The Samoan islands are grappling with public health problems; children may provide some solutions.
For 3,000 years, people have fished and farmed the Samoan islands of the South Pacific Ocean. They thrived on papaya, breadfruit and taro; they caught and prepared fish with lime and coconut.
After World War II, everything changed: the population boomed, food imports began, lifestyles shifted. And in recent decades, the Samoans have suffered some of the highest rates of obesity, diabetes and heart disease in the world. In the early 2000s, the adult overweight and obesity rate in the territory was nearly universal, at 93 percent, while the rate for children was close to 45 percent. Nearly 1 in 3 adults in American Samoa has diabetes.
These diseases of modernity kill many islanders at a grievously early age. Samoa’s devastating public health problems are entangled with food and other cultural practices, as well as with the very genes that have helped Samoans survive for millennia.

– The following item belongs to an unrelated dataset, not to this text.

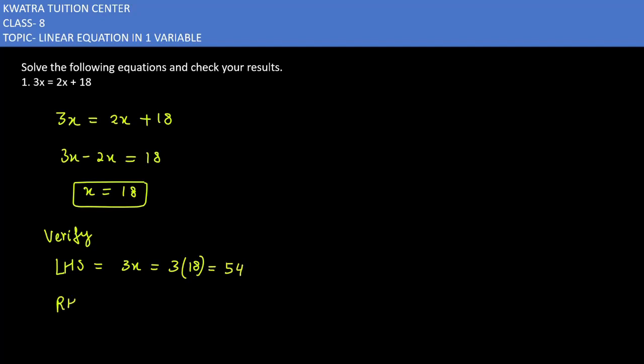Right hand side is 2x + 18. Substituting x = 18, we get 2 times 18 plus 18, which equals 36 plus 18, equals 54.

Since 2009, Nicola Hawley, Ph.D., an assistant professor in the Department of Chronic Disease Epidemiology, has
worked to pinpoint these factors and figure out how and when to intervene. Early childhood, she believes, is the best time. “The situation in terms of chronic disease in the adult population in Samoa has gotten so bad now that there needs to be some kind of generational shift—public health interventions targeting children—in order to have the most effect,” Hawley said.
Imported Foods
Part of the archipelago is a sovereign nation called Samoa, and part is the U.S. territory of American Samoa. Samoans from both polities share a gene pool, but American Samoa was the first to see noncommunicable-disease rates rise, as it took up imported food, technology and sedentary lifestyles earlier. Imported foods like cake, bread and canned meat are cheap and readily available across Samoa.

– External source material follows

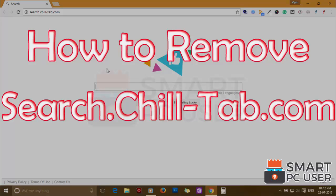Search.chilltap.com is a browser hijacker that attacks all browsers on Windows PC. In this video, we will see how to remove search.chilltap.com from all browsers at once.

Mothers who consume these foods may put babies at a disadvantage. Hawley found in a 2015 study that 86 percent of American Samoan mothers were overweight or obese in early pregnancy, which can raise the risk of obesity in babies. Many of these infants are then fed formula. Though most were born at a healthy weight, they gained weight fast. By four months, both boys and girls were above the 90th percentile for weight, and they tended to stay large. At 15 months, nearly 23 percent of boys and close to 17 percent of girls were obese, and obesity was more likely in those fed formula. In 2013, Hawley found that exclusive breastfeeding for the first six months protects a Samoan child from this rapid weight gain. Unfortunately, this practice is not widespread. Only 28 percent of Samoan mothers in the study were still exclusively breastfeeding at four months.
But early infancy could be the perfect time to intervene. Prenatal care is excellent in the Samoas, Hawley said, so including public health messages during routine pregnancy checkups is one potential approach. Her team is now teaching pregnant women about breastfeeding and gestational weight gain, and they’re showing a video they shot about the importance of gestational diabetes screening. A rapid influx of cheap, low-quality calories can displace important micronutrients, like iron. In Hawley’s 2017 Public Health Nutrition study of 305 toddlers in independent Samoa, 1 in 5 had moderate or severe growth stunting, 1 in 3 was anemic and 16 percent were overweight or obese. Some of those heavy children—who tended to come from wealthier families—also had anemia and/or stunting.